The speech recognition apparatus according to claim 1 or 2,
When the corresponding item is selected by a manual operation, a selection item that is the selected corresponding item is displayed, and a corresponding item corresponding to the selected item is displayed in a list.

In the voice recognition device according to any one of claims 1 to 3,
The recognition dictionary stores predetermined comparison candidates,
The corresponding item is a part of the comparison target candidate.

In the speech recognition apparatus according to any one of claims 1 to 4,
The recognition dictionary stores predetermined comparison candidates,
In the recognition process, the speech data is compared with all comparison target candidates regardless of the corresponding items displayed in the list.

In the voice recognition device according to any one of claims 1 to 5,
The speech recognition apparatus, wherein the predetermined operation is a predetermined confirmation operation.

In the voice recognition device according to any one of claims 1 to 5,
The speech recognition apparatus according to claim 1, wherein the predetermined operation is a manual operation of a corresponding item displayed as a list in the list processing.

The speech recognition apparatus according to any one of claims 1 to 7,
The corresponding item displayed in the list can be displayed as an operation icon.
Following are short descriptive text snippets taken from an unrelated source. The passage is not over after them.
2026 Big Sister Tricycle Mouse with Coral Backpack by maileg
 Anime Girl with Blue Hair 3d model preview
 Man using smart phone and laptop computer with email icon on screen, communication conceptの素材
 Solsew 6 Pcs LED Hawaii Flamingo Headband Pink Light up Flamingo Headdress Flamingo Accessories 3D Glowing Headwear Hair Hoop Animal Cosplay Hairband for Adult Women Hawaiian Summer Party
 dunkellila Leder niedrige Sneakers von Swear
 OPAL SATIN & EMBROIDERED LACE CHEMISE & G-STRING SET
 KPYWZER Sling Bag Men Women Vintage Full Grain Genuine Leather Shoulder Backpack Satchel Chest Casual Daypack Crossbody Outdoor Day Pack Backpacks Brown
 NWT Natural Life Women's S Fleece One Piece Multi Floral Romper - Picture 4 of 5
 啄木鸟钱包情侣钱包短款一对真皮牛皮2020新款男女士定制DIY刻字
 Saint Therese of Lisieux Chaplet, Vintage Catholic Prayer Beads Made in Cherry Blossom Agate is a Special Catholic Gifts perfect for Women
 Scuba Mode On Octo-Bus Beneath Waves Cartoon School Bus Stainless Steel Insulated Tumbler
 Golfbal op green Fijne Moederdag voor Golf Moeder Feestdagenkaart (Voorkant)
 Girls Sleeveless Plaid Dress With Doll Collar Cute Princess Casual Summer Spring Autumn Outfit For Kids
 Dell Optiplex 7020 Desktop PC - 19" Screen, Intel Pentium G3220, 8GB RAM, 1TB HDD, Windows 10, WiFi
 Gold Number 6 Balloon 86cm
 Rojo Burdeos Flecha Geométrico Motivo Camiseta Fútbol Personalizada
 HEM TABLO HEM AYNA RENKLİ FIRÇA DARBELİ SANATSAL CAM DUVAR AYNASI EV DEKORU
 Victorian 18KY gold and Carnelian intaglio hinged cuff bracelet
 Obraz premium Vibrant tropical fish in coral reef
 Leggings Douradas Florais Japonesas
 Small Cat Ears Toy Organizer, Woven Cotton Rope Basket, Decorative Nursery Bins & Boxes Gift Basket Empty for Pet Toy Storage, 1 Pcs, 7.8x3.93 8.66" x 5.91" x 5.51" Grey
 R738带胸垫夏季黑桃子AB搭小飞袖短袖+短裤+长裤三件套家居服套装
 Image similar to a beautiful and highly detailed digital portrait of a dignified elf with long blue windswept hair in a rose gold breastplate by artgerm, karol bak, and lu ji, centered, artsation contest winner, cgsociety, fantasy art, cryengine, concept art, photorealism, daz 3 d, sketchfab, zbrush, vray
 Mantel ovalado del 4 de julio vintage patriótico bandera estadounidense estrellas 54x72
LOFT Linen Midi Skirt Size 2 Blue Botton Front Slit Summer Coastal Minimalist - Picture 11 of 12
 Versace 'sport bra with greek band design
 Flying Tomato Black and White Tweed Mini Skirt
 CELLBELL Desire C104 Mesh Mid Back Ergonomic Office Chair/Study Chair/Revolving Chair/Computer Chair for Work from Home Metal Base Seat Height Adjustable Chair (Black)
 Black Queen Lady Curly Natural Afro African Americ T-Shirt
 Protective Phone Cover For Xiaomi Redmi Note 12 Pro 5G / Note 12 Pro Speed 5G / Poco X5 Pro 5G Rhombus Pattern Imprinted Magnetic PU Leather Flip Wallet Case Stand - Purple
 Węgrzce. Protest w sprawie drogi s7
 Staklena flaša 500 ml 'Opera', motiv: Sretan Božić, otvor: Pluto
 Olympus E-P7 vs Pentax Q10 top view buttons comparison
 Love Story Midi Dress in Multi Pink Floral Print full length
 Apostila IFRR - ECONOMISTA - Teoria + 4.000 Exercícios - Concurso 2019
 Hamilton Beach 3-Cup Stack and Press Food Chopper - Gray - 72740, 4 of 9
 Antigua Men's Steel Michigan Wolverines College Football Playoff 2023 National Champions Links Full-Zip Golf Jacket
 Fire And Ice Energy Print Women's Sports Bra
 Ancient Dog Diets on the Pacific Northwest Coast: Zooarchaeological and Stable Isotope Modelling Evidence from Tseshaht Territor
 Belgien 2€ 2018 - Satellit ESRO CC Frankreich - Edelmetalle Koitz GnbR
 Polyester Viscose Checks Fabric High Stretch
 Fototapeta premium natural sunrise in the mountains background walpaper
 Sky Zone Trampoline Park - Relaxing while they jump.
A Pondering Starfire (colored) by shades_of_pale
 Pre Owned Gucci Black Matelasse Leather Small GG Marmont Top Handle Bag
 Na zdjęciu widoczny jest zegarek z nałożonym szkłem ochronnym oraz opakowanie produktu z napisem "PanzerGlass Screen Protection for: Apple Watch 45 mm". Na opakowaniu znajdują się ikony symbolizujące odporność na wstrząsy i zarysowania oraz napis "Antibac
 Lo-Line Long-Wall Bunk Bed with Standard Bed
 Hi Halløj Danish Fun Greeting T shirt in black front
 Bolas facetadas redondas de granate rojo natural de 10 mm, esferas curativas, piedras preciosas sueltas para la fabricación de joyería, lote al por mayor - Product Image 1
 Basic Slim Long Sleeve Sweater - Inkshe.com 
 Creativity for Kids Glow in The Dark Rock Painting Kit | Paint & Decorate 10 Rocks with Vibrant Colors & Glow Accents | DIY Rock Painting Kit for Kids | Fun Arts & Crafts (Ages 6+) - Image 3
In the voice recognition device according to any one of claims 1 to 8,
In the speech segment extraction processing, the speech segment is extracted by determining a silent segment in which a speech signal level is below a threshold value.

The speech recognition device according to claim 9.
In the speech segment extraction process, a first unvoiced segment is determined to extract the speech segment, and the speech segment is repeatedly extracted until a second unvoiced segment longer than the first unvoiced segment is determined. Can be extracted,
In the recognition process, a plurality of voice data corresponding to the plurality of voice sections can be recognized.